Agriculture is the backbone of Africa’s economic development goals and is central to achieving food security for its citizens. While progress has made since independence, many countries have struggled with transforming their agricultural sectors from being predominantly subsistence to commercial; building agricultural sectors that are resilient to environmental and climate changes; creating healthy food systems that meet the needs of their population; and engaging youth and women in agribusiness to create employment opportunities and enhance livelihoods.  Properly supported, the sector can boost the continent’s ability to feed itself, develop continent-wide supply chains, increase Africa’s share of global trade, and boost the continent’s development. In order to achieve these goals, African countries must rapidly transform their agricultural sectors, ensuring that African youth play a more central role.    

Specifically, the #YALI4Ag event: 

  • Explored challenges, opportunities, and best practices for transforming Africa’s agricultural sector and food systems, including anticipating and building inclusive agricultural and food systems resilient to climate change and addressing the barriers that prevent African youth from engaging in agriculture and agribusiness;
  • Highlighted YALI innovations and achievements in the agricultural sector and broader food system; and
  • Provided practical ideas and recommendations for boosting Africa’s agricultural sector to achieve food security and youth engagement in the face of climate change.  

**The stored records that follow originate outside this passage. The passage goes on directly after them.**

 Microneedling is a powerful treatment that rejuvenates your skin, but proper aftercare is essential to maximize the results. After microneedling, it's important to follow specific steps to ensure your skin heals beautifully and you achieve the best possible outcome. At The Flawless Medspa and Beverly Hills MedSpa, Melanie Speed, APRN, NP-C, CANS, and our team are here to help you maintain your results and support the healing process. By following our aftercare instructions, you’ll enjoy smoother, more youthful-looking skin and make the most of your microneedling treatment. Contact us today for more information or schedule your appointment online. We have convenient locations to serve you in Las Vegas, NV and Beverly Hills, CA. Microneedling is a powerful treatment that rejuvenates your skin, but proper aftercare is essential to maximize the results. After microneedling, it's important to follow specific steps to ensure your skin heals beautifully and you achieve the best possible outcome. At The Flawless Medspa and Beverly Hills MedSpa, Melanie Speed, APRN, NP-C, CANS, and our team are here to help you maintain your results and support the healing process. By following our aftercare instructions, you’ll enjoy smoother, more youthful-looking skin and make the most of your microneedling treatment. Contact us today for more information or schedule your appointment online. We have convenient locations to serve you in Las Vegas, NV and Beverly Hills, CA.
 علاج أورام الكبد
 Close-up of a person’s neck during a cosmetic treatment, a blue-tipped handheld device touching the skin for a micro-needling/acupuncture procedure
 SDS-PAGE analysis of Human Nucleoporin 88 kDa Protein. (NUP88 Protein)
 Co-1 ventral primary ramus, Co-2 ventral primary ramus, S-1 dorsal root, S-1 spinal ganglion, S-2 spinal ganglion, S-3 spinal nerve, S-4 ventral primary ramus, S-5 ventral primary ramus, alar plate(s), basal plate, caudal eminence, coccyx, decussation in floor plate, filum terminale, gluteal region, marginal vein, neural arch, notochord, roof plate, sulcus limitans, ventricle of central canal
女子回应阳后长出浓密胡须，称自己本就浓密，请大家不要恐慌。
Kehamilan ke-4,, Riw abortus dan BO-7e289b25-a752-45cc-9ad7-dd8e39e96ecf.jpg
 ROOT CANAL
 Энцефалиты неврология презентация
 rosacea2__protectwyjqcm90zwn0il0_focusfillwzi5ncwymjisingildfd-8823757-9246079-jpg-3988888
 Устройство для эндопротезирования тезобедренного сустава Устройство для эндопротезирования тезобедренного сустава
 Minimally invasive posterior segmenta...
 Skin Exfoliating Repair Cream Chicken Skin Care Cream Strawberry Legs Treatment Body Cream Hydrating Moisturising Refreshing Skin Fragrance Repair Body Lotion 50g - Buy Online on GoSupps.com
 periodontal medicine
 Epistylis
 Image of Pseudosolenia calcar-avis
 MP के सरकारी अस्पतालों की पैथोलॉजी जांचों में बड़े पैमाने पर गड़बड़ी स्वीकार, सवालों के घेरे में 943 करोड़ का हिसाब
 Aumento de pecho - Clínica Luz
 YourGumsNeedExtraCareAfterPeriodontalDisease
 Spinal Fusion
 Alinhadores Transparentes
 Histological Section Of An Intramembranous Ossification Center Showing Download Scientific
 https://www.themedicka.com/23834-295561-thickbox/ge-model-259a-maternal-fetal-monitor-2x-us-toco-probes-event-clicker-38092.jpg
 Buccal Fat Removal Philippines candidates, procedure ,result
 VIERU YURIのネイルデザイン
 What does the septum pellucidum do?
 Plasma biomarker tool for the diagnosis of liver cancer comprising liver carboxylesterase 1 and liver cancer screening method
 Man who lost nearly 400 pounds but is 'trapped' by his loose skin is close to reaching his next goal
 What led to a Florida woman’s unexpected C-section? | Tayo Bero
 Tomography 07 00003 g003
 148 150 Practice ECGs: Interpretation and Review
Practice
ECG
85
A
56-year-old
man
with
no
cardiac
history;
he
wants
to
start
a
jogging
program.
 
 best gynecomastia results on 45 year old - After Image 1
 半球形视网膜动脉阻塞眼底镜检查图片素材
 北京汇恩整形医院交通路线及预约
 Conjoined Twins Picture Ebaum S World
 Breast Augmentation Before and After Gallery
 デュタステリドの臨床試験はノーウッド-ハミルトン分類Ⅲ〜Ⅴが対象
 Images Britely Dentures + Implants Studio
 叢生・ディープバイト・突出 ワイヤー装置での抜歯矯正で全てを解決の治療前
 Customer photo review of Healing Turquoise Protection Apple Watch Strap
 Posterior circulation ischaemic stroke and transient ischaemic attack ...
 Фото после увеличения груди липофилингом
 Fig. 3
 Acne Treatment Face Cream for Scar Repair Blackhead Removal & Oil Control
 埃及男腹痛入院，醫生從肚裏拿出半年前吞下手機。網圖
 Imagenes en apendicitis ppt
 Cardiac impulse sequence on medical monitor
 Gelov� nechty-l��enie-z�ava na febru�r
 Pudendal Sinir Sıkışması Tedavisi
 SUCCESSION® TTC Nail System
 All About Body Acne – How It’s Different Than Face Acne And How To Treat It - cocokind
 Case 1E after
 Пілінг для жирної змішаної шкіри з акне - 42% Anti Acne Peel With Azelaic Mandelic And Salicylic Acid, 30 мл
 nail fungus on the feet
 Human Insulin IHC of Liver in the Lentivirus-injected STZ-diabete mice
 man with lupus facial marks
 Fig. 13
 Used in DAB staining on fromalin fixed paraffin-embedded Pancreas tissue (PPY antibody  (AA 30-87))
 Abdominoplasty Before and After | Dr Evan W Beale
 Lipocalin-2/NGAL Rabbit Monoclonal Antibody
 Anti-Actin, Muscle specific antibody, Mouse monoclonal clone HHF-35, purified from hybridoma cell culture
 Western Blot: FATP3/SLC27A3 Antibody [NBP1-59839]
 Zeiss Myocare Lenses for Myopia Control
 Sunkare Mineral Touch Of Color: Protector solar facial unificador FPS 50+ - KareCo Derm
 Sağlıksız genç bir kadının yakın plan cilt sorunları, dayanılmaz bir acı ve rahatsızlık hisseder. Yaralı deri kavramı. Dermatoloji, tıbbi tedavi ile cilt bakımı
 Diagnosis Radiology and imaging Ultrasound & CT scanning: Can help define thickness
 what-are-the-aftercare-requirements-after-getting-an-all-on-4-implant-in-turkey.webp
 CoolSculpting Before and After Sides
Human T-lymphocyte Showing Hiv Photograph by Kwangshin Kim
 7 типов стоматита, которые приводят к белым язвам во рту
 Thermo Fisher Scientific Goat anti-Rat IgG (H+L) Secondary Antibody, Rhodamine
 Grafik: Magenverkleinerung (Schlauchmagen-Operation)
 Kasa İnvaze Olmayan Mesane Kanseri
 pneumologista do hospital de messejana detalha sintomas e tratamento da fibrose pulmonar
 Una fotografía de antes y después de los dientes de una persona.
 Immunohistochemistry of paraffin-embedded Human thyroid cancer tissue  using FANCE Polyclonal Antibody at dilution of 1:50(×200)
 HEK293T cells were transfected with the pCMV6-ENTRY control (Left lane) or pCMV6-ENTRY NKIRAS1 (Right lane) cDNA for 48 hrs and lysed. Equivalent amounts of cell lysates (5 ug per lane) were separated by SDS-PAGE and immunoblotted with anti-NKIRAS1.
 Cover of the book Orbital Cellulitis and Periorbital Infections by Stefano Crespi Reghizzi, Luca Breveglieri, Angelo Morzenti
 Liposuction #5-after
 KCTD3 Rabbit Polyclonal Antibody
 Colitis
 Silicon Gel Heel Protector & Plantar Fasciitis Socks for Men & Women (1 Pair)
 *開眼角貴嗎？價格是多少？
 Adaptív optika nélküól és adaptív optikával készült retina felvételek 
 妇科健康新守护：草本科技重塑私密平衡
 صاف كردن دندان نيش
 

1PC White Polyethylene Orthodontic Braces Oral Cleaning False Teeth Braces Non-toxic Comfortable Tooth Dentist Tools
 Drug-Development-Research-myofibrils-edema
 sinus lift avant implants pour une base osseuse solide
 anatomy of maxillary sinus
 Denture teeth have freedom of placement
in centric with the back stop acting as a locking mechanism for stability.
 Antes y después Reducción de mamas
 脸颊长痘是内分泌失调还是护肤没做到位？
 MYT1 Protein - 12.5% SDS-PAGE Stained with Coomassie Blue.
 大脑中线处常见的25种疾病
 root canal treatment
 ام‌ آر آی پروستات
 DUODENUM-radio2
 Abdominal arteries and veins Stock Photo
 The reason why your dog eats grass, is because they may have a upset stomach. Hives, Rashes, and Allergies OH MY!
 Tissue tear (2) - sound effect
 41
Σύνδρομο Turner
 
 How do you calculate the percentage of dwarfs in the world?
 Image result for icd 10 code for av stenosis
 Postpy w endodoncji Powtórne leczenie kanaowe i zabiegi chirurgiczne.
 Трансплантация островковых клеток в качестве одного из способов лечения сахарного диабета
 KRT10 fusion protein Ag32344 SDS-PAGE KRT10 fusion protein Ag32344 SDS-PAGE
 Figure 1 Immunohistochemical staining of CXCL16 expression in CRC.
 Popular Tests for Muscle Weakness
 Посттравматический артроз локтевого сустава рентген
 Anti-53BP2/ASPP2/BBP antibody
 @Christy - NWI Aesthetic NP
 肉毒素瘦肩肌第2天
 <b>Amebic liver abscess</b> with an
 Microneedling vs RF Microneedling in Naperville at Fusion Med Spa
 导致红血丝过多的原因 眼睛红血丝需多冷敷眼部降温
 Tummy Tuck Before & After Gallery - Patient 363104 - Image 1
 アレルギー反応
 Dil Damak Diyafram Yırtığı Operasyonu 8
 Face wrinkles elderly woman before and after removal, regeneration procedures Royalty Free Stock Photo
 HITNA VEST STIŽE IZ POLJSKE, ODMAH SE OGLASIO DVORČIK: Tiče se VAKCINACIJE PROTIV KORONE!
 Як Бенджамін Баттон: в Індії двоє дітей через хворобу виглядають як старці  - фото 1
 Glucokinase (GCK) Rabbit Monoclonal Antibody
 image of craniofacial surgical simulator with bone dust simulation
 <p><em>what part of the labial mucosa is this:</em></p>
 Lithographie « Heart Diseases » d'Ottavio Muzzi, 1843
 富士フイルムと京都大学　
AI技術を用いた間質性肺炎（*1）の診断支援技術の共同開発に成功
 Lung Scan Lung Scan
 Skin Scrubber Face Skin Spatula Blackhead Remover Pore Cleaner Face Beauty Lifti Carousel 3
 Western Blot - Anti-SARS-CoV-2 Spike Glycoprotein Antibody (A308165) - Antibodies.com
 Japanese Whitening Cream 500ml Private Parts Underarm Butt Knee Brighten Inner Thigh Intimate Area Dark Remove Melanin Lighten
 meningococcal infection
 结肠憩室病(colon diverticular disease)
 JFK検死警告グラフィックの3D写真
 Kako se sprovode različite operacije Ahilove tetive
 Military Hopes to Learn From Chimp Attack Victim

The event was attended by 892 participants, including YALI alumni, U.S., and African practitioners, experts, and other YALI stakeholders. 

Ms. Brenda Soya, Director, Africa Regional Services, U.S Department of State gave opening remarks, followed by a keynote address from Mr. Thione Niang, Founder of JeufZone Farm; Founder and President of Give1Project; and Co-Founder of Akon Lighting Africa. The keynote address was followed by a question-and-answer session moderated by Dr. Monde Muyangwa, Director, Wilson Center Africa Program.  

Ms. Soya’s opening remarks underscored the United States’ commitment to Africa’s youth and to addressing the underlying causes of food insecurity on the continent, including conflict, climate change, and COVID-19. Ms. Soya highlighted the exponential growth of the Young African Leaders Initiative (YALI) network, which has grown to over 750,000 people since its inception ten years ago.  She spoke to YALI’s goals of strengthening democratic institutions, spurring economic growth, and promoting peace and security and noted that each of these goals could not be achieved without strong agricultural sectors and food security. She further noted that the challenges confronting Africa’s agricultural sectors could be alleviated by strong efforts to tie agriculture, agribusiness and youth.  She closed by reiterating the resolve of the United States to work with Africa and with Africa’s youth to resolve these challenges to Build Back Better. 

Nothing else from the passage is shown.